As I pulled up the driveway to the gray, pebble-roofed house, she said, “So what do you think, Doc?”

“Who lives here?”

“Yours truly.”

“You’re renting it?”

“No, it’s mine!” She got out of the car and skipped to the front door.

I was surprised to find the house furnished, even more surprised by the dated, fifties look of the place. These were the days when organic was king: earth tones, home-made candles, and batiks. All this aluminum and plastic, the flat, cold colors seemed déclassé, cartoonish.

She glided around exuding pride of ownership, touching and straightening, pulled open drapes and exposed the wall of glass. The view made me forget the aluminum.

Not a student’s pad by a long shot. I thought: an arrangement. Someone had set the place up for her. Someone old enough to have bought furniture in the fifties.

Kruse? She’d never really clarified their relationship…

“So what do you think, Doc?”

“Really something. How’d you swing it?”

She was in the kitchen, pouring 7-Up into two glasses. Pouting. “You don’t like it.”

“No, no, I do. It’s fantastic.”

“Your tone of voice tells me different, Alex.”

“I was just wondering how you managed it. Financially.”

She gave a theatrical glower and answered in a Mata Hari voice: “I haf secret life.”

“Aha.”

“Oh, Alex, don’t be so glum. It’s not as if I slept with anybody to get it.”

That shook me.
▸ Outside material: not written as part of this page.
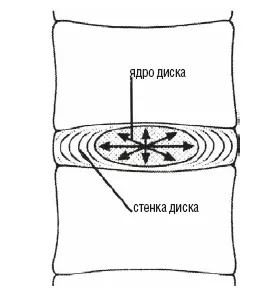 Рис 111Ядро диска функционирует как гидравлический мешок равномерно - фото 19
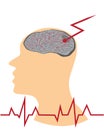 Stroke develope in human brains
I said, “I wasn’t implying you had.”

Her grin was wicked. “But it did cross your mind, sweet prince.”

“Never.” I looked out at the mountains. The sky was pale aqua above a horizon of pinkish brown. More fifties color coordination.

“Nothing crossed my mind,” I said. “I just wasn’t prepared. I don’t see or hear from you all summer- now this.”

She handed me a soda, put her head on my shoulder.

“It’s gorgeous,” I said. “Not as gorgeous as you, but gorgeous. Enjoy it.”

“Thank you, Alex. You’re so sweet.”

We stood there for a while, sipping. Then she unlatched the sliding door and we stepped out onto the terrace. Narrow, white space cantilevering over a sheer drop. Like stepping onto a cloud. The chalky smell of dry brush rose up from the canyons. In the distance was the HOLLYWOOD sign, sagging, splintering, a billboard for shattered dreams.

“There’s a pool, too,” she said. “Around the other side.”

“Wanna skinny-dip?”

She smiled and leaned on the railing. I touched her hair, put my hand under her sweater and massaged her spine.

She made a contented sound, leaned against me, reached around and stroked my jaw.

“I guess I should explain,” she said. “It’s just that it’s involved.”

“I’ve got time,” I said.

“Do you really?” she asked, suddenly excited. She turned around, held my face in her hands. “You don’t have to get back to the hospital right away?”

“Nothing but meetings until six. I’m due at the E.R. at eight.”

“Great! We can sit here for a while and watch the sunset. Then I’ll drive you back.”

“You were going to explain,” I reminded her.

But she’d already gone inside and turned on the stereo. Slow Brazilian music came on- gentle guitars and discreet percussion.

“Lead me,” she said, back on the terrace. Snaking her arms around me. “In dancing the man’s supposed to lead.”